On the way to Jerusalem he was passing along between Samaria and Galilee. And as he entered a village, he was met by ten lepers, who stood at a distance and lifted up their voices, saying, "Jesus, Master, have mercy on us." When he saw them he said to them,
"Go and show yourselves to the priests."
And as they went they were cleansed. Then one of them, when he saw that he was healed, turned back, praising God with a loud voice; and he fell on his face at Jesus' feet, giving him thanks. Now he was a Samaritan. Then Jesus answered,
"Were not ten cleansed? Where are the nine?
Was no one found to return and give praise to God except this foreigner?" And he said to him, "Rise and go your way; your faith has made you well."

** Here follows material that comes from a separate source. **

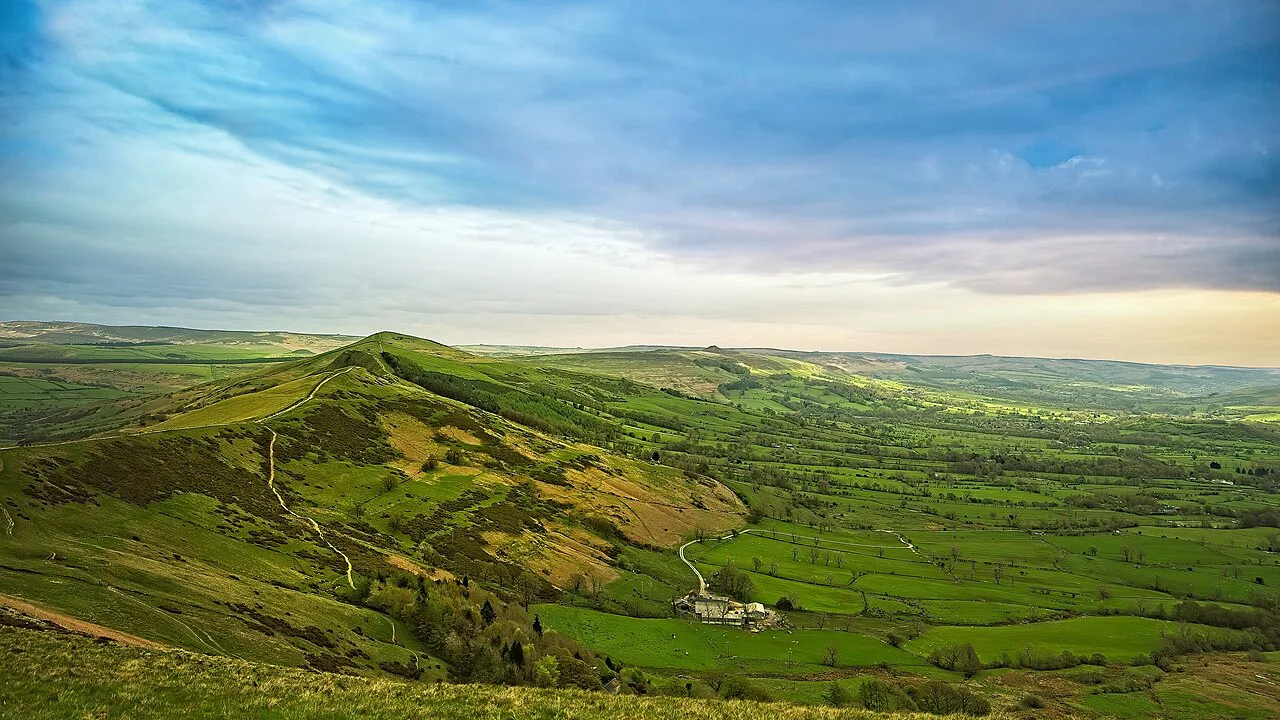 Mam Tor Approach, Peak District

I had a rough day yesterday in which some minor, passing issues were weighing on me heavily. I had read this passage in the morning, but it was not until evening when I was pouring out my grievances to God that He reminded me of these lepers. Was I grateful for the cleansing He has done in my life? Or am I more like the nine who walked on to the priests without bothering to offer thanks and praise to the One who had made them clean?
It was a humbling thought.
Caught up in my petty problems and hurts, I had forgotten to praise my Lord for the cleansing He has already done in my life. I was like the nine; going on their way, perhaps showing their smooth, healed skin to one another, but forgetting simple courtesy. Their focus was not on the One who healed them, but on the healing itself. Or was it?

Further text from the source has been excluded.